Data section:
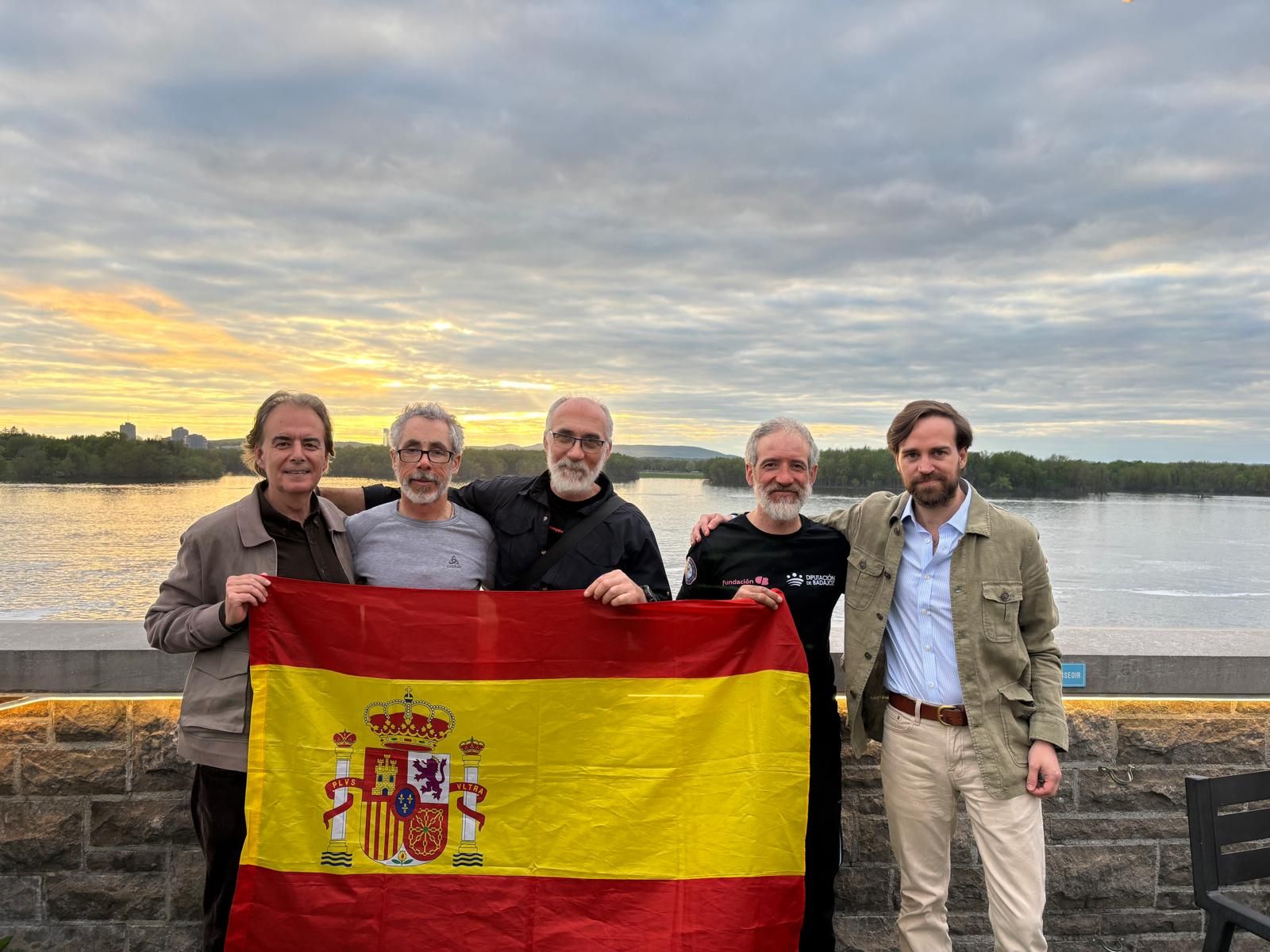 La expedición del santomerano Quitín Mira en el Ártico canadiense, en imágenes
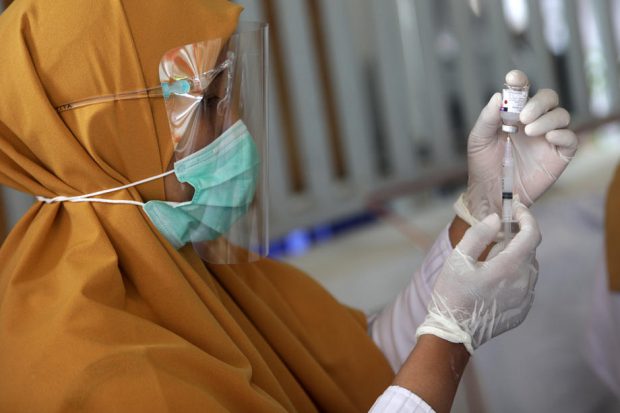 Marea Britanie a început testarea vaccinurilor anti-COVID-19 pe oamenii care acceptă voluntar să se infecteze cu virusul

...

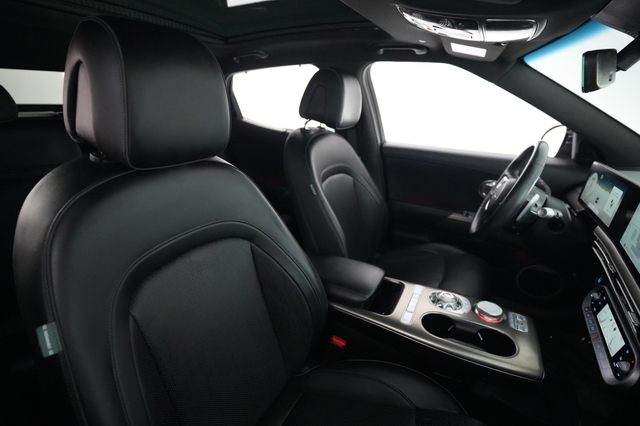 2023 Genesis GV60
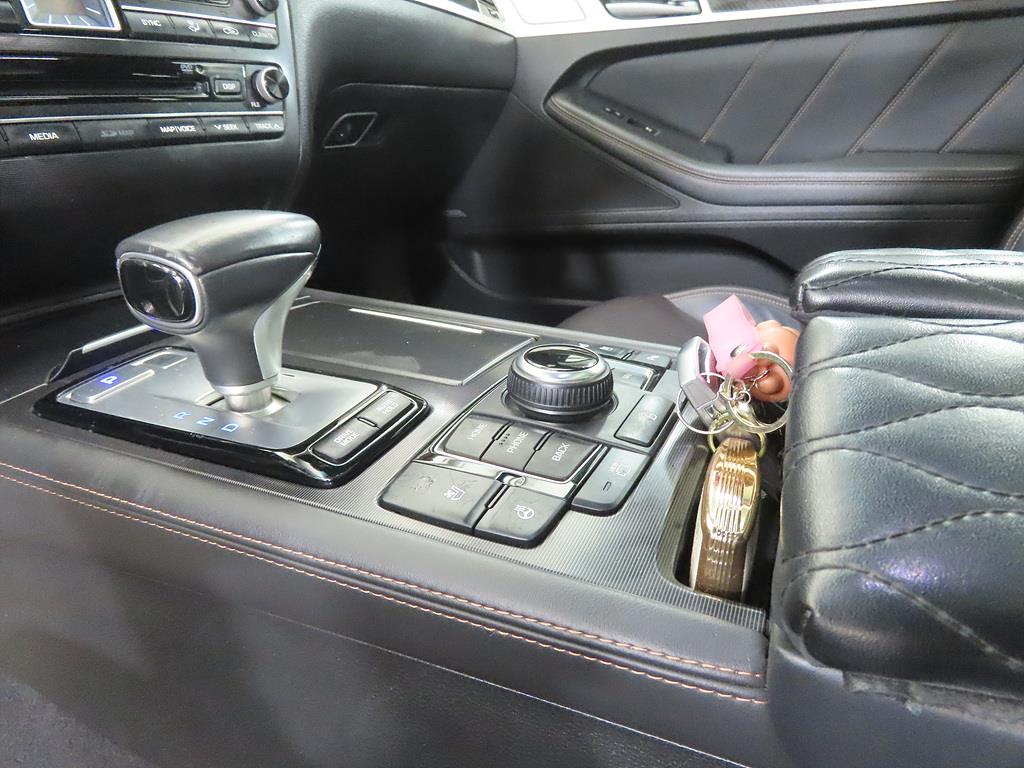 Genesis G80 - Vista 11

To do: Starting at the line above that holds "La expedición del", repeat every line exactly down to and including the line that holds "Marea Britanie a", then stop. Do not carry over any pictures.

Finished task:
 La expedición del santomerano Quitín Mira en el Ártico canadiense, en imágenes
 Marea Britanie a început testarea vaccinurilor anti-COVID-19 pe oamenii care acceptă voluntar să se infecteze cu virusul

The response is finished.